* _Information supplied_:
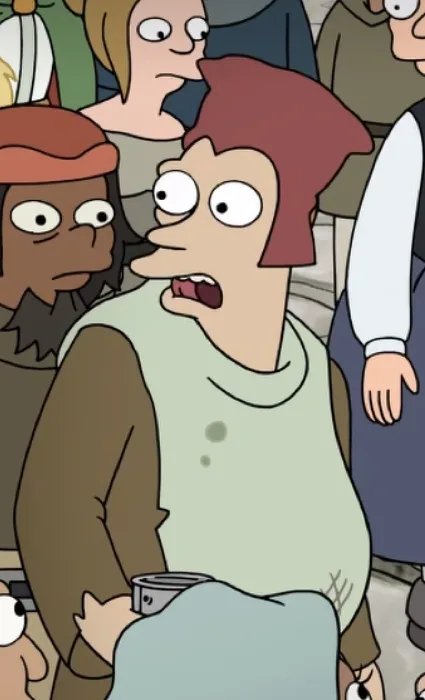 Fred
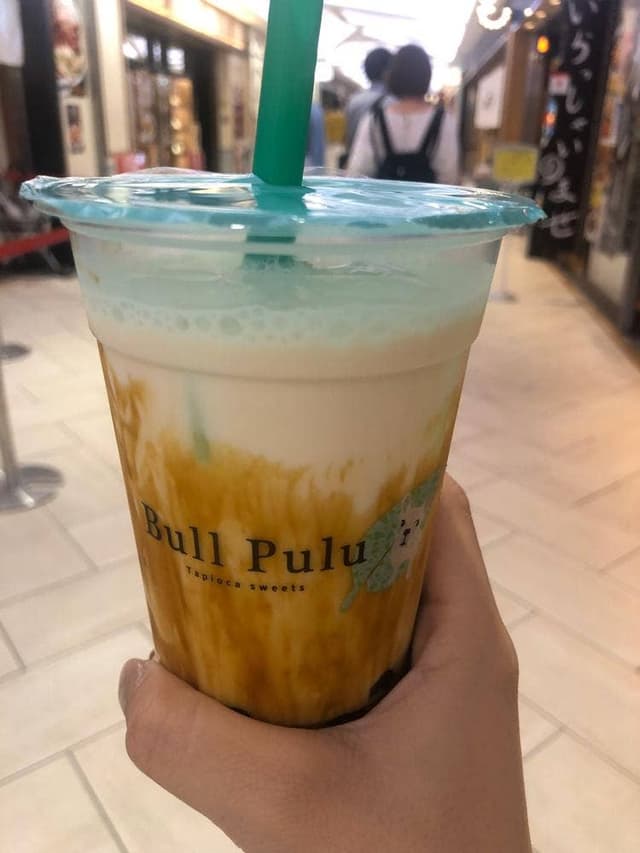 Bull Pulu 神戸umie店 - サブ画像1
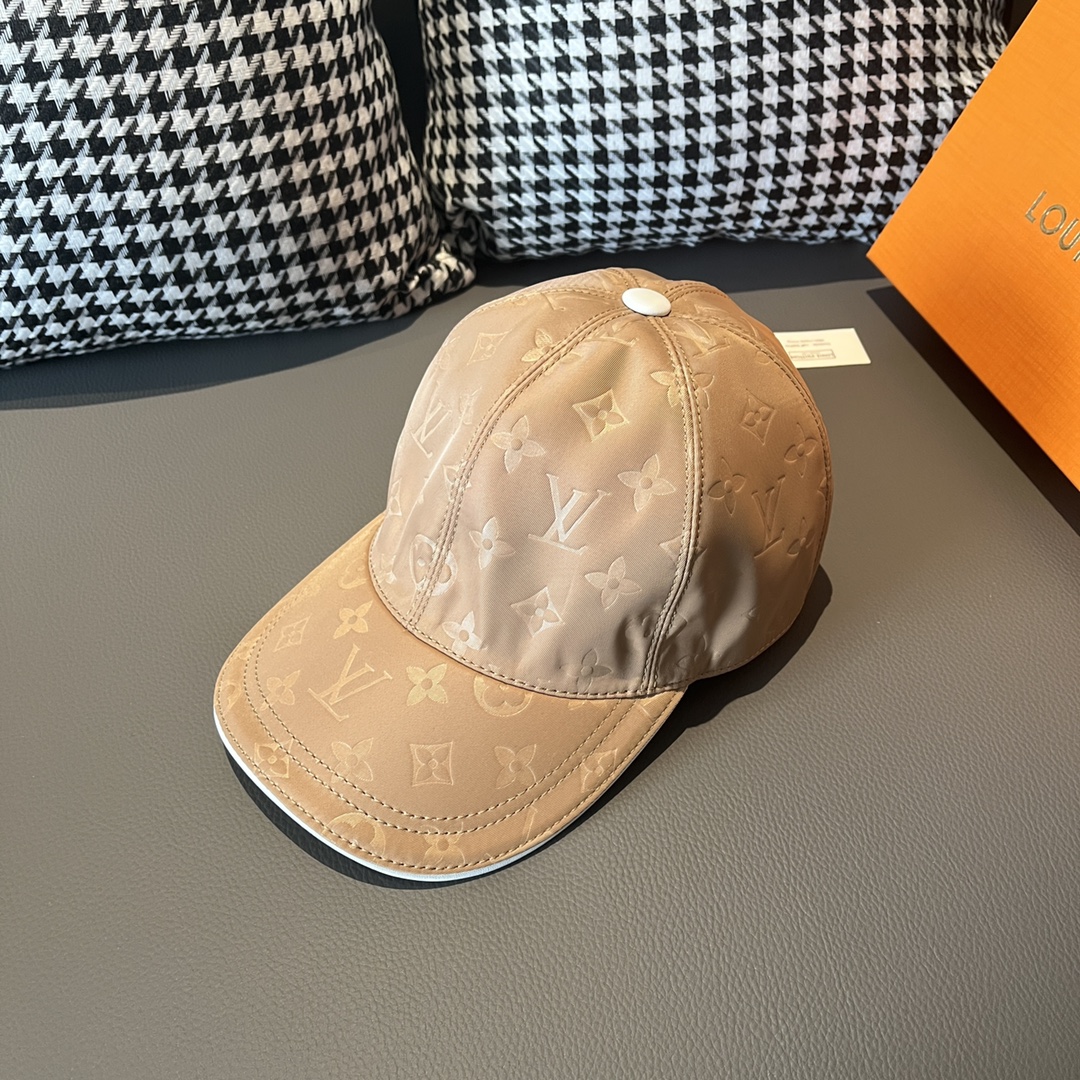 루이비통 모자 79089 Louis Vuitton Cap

* _Work required_:
Only the pictures are to be left out; repeat all other material exactly.

* _Result_:
 Fred
 Bull Pulu 神戸umie店 - サブ画像1
 루이비통 모자 79089 Louis Vuitton Cap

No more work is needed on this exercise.